There is much contemporary interest in harnessing the capacity of protein macromolecules to self-assemble in order to construct smart materials, responsive surfaces or nanodevices. Currently the Lsm protein system, which spontaneously self-assembles into 75 Å ring structures, is being engaged as a potential model nanostructure with the ability to bind and sequester RNA. Our particular interest is to control the quaternary organisation of Lsm toroidal building blocks for ultimate fabrication into array and stacked tubule-like architectures.
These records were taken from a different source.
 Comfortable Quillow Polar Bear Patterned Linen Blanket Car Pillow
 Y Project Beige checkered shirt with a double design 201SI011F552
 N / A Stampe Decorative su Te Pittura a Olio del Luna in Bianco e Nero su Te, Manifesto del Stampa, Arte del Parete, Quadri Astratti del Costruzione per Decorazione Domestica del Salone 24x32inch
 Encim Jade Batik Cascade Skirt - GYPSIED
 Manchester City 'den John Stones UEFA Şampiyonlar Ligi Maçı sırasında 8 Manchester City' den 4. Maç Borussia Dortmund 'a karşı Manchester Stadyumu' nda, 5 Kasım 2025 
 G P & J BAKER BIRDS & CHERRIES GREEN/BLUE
Synthetic bioengineering techniques have been applied to generate simplified Lsm polyproteins fused via a Gly-rich linker sequences. These Lsm building modules readily organise into either single rings of tetramers or overlaid pairs of rings.

I outline the isolation of discrete Lsm polyproteins by size-exclusion chromatography (SEC) as well as their biophysical characterisation. Small-angle x-ray scattering (SAXS) as well as electron microscopy (EM) are being employed to investigate quaternary structure. These methods confirm discrete ring organisations are being formed by several distinct polyprotein groupings.

Investigation of solvent conditions has revealed that single rings of specific constructs are favoured by low salt. Their association into larger ring stacks has been determined to be under electrostatic control. We are proceeding to engineer mutant sequences to optimise higher-order robust rings, involving the inclusion of crosslinking-selective residues.